WHAT YOU SHOULD DO: The answer is to be an exact copy of the lines below running from the line with "Slide: The Image of 2024" down to the line with "Apartamento Arosa في", both ends included, and nothing more.

(Crawled caption data)
☆ ☆ ☆ ☆
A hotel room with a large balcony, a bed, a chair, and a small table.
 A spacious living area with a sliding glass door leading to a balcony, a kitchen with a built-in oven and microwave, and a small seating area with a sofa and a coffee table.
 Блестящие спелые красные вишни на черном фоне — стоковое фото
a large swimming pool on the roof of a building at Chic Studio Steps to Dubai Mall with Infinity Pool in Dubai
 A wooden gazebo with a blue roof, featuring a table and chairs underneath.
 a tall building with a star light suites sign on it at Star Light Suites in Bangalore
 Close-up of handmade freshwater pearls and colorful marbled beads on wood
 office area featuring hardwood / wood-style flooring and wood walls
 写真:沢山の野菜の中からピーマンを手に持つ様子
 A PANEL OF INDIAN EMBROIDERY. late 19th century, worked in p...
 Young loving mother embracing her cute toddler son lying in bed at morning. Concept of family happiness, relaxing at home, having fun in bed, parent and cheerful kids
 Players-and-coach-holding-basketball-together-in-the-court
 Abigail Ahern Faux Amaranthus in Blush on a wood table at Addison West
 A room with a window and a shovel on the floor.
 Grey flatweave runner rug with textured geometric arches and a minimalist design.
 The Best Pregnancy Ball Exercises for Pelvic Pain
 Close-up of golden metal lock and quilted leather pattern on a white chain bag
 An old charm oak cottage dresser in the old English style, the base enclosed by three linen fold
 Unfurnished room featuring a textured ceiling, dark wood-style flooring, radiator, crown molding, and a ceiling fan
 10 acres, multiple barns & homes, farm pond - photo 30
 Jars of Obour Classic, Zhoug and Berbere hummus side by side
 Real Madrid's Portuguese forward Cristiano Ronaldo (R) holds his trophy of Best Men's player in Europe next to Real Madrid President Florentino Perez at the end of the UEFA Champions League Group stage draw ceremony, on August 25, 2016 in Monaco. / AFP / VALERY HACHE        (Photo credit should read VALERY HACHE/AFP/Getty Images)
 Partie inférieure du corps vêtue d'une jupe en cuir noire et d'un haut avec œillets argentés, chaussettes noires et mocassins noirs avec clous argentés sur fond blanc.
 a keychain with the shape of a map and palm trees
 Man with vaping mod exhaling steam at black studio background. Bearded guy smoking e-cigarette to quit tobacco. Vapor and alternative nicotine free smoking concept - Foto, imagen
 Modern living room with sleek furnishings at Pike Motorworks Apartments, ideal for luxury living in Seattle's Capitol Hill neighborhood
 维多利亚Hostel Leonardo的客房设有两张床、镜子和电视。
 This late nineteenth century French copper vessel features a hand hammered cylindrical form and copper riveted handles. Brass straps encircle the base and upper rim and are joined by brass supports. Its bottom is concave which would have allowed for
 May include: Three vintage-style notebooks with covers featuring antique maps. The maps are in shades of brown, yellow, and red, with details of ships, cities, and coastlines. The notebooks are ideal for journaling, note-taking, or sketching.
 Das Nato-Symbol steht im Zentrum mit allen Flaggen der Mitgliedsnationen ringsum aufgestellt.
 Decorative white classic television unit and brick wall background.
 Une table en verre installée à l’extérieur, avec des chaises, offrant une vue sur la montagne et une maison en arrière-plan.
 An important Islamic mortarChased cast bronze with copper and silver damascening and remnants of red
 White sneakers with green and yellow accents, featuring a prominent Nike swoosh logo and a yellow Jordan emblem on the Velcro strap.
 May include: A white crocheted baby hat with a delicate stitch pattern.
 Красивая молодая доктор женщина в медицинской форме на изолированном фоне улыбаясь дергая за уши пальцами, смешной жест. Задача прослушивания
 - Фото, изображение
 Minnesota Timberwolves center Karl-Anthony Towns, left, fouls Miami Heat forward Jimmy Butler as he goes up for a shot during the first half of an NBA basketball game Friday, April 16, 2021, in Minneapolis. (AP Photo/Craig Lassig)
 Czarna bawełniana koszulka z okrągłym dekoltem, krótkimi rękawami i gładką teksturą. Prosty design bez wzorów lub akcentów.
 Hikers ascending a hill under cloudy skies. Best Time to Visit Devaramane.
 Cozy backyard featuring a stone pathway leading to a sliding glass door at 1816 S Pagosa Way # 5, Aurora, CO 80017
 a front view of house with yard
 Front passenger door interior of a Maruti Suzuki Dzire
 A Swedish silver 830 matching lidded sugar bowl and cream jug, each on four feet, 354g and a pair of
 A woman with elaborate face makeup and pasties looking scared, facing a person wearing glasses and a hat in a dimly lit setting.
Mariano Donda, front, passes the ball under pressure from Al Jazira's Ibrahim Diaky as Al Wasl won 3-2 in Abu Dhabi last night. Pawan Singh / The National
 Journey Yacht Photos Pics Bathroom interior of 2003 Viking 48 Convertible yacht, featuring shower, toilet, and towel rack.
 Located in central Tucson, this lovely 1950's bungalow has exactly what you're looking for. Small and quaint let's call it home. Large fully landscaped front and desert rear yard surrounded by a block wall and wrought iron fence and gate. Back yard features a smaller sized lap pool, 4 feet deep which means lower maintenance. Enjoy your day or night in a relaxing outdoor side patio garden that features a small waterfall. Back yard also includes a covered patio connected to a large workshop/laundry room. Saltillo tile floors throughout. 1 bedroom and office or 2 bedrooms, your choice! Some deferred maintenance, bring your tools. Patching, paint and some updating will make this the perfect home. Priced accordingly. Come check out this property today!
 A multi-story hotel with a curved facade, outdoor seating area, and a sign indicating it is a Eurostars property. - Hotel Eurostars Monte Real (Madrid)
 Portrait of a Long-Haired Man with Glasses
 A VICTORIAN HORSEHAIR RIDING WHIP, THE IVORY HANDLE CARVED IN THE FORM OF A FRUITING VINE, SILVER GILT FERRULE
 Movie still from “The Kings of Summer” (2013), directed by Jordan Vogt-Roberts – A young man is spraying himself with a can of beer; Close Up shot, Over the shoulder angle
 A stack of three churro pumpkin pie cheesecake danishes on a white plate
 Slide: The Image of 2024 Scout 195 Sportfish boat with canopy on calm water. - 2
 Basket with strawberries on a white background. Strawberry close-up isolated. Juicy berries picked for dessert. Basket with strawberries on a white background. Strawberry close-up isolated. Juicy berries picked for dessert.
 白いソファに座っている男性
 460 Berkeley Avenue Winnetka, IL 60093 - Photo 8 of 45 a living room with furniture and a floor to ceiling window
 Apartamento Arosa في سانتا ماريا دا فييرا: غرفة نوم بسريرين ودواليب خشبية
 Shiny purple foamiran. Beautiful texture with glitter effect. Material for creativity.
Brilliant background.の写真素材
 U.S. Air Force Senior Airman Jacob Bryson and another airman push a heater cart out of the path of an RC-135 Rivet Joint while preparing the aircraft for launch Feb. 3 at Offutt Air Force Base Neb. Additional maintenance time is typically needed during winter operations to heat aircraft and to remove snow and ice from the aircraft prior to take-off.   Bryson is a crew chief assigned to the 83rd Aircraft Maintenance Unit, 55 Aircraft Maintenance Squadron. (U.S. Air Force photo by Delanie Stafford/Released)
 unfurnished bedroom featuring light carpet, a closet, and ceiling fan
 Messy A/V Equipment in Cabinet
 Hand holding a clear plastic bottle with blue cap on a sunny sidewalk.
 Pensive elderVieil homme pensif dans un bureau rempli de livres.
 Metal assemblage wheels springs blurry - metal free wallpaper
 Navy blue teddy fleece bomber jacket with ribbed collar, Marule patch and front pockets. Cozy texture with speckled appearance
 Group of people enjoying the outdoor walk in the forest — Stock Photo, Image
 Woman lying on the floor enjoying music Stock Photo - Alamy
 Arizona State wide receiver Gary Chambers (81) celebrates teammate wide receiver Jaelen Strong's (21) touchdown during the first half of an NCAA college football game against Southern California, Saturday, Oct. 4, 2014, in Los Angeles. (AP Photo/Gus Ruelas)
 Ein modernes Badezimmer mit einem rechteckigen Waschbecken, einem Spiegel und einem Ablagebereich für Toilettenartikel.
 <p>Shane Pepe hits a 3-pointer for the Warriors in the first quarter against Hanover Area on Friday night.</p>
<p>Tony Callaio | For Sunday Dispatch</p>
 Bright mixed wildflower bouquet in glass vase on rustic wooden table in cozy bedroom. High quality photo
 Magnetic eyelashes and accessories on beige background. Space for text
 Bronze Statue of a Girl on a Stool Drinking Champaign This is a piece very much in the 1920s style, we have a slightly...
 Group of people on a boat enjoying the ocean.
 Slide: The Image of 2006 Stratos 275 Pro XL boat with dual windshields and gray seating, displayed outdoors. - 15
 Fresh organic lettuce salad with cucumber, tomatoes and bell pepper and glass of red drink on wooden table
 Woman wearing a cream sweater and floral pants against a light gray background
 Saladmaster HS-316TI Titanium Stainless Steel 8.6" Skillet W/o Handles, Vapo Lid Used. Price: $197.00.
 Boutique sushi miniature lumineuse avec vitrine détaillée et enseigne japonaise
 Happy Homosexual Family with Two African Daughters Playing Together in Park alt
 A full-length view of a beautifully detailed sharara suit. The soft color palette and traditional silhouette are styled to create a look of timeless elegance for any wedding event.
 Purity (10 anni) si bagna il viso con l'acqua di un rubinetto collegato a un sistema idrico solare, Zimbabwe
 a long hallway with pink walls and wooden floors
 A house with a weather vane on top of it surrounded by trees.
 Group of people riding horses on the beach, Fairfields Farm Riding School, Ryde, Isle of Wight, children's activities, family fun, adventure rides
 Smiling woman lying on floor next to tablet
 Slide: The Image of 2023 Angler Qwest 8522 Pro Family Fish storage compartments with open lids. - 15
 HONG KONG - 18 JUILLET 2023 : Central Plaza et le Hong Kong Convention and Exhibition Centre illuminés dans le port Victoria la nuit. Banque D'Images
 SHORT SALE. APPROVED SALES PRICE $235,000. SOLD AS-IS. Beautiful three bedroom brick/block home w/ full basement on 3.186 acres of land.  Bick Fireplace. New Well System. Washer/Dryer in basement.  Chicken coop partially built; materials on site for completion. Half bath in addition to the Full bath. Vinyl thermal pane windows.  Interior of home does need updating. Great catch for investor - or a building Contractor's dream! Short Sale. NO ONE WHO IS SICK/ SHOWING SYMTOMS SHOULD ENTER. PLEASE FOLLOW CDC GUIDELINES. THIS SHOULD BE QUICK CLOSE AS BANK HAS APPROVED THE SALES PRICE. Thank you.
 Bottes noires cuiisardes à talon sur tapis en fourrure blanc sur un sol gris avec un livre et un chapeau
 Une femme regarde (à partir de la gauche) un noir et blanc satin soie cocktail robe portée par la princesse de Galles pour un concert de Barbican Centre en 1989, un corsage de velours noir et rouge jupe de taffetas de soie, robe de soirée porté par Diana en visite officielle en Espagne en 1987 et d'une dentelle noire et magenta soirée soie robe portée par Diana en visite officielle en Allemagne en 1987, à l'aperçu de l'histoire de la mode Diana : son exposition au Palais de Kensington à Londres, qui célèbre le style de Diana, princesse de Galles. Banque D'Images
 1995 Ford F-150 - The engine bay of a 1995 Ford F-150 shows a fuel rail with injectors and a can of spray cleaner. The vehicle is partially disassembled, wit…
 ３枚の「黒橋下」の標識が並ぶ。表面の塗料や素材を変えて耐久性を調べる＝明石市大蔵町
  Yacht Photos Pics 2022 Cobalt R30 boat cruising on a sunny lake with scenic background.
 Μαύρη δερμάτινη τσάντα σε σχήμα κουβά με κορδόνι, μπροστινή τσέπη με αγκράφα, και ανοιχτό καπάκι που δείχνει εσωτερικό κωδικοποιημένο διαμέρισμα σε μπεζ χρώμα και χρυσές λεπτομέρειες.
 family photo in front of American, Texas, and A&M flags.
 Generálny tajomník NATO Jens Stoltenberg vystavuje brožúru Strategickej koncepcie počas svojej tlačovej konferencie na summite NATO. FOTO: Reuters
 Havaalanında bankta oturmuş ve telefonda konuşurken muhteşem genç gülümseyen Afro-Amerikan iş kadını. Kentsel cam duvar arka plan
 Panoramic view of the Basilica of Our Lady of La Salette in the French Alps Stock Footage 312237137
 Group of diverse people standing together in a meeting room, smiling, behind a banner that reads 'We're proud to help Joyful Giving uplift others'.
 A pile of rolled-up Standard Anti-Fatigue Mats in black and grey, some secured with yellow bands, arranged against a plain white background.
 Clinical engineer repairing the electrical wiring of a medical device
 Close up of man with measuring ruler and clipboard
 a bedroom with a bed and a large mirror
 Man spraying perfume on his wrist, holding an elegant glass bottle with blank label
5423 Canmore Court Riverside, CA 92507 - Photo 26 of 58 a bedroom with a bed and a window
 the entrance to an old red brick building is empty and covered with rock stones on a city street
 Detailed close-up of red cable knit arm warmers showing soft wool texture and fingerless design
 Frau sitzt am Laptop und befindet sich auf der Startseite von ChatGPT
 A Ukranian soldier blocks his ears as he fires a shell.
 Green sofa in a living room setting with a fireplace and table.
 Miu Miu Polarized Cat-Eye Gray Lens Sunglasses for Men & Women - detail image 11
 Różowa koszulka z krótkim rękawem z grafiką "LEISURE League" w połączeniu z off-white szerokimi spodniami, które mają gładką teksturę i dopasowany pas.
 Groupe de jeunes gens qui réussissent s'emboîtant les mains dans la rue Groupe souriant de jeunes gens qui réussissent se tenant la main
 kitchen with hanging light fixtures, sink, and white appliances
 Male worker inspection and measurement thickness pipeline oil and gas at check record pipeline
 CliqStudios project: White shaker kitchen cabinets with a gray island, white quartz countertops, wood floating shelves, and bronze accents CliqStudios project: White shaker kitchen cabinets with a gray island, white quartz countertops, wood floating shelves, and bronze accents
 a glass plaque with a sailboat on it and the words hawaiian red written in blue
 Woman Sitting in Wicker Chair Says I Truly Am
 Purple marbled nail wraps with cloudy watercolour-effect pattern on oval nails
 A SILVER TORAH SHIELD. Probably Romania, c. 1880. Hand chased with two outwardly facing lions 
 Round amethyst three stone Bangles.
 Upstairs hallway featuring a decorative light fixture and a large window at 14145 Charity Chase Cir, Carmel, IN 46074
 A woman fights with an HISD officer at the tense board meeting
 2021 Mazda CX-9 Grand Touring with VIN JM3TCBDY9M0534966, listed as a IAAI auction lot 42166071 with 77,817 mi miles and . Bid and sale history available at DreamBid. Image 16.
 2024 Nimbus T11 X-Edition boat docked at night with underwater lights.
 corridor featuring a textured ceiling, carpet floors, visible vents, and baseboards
☆ ☆ ☆ ☆
TASK RESULT:
 Slide: The Image of 2024 Scout 195 Sportfish boat with canopy on calm water. - 2
 Basket with strawberries on a white background. Strawberry close-up isolated. Juicy berries picked for dessert. Basket with strawberries on a white background. Strawberry close-up isolated. Juicy berries picked for dessert.
 白いソファに座っている男性
 460 Berkeley Avenue Winnetka, IL 60093 - Photo 8 of 45 a living room with furniture and a floor to ceiling window
 Apartamento Arosa في سانتا ماريا دا فييرا: غرفة نوم بسريرين ودواليب خشبية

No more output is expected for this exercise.